(RECORDS PROVIDED Opens)

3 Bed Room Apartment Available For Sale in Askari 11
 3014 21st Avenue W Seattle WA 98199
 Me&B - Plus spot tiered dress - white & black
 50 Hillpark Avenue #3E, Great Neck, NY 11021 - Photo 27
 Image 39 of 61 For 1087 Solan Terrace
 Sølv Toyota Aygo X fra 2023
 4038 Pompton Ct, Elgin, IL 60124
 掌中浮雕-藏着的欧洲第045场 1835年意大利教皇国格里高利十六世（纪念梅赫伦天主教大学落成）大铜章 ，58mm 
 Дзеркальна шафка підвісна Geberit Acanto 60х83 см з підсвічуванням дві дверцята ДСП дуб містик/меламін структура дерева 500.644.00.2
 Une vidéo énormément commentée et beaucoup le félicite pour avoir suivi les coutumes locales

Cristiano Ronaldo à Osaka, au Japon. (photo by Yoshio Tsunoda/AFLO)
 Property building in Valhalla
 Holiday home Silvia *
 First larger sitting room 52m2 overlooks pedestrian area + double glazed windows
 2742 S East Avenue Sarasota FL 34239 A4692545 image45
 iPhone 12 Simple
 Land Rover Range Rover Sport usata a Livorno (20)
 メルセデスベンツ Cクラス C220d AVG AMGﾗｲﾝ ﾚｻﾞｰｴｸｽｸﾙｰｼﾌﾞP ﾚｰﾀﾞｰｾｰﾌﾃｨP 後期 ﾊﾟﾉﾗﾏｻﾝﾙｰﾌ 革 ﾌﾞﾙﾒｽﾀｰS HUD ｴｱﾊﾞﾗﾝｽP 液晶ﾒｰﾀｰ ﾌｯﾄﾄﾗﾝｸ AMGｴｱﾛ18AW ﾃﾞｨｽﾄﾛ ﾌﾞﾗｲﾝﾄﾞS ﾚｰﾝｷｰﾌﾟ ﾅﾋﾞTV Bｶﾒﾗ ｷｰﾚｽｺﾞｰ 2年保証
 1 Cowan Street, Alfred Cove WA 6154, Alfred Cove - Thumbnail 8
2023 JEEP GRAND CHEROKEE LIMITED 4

(RECORDS PROVIDED Closes)

From the records above, return each line that has the string "Avenue".

ANSWER FOR THE TASK:
 3014 21st Avenue W Seattle WA 98199
 50 Hillpark Avenue #3E, Great Neck, NY 11021 - Photo 27
 2742 S East Avenue Sarasota FL 34239 A4692545 image45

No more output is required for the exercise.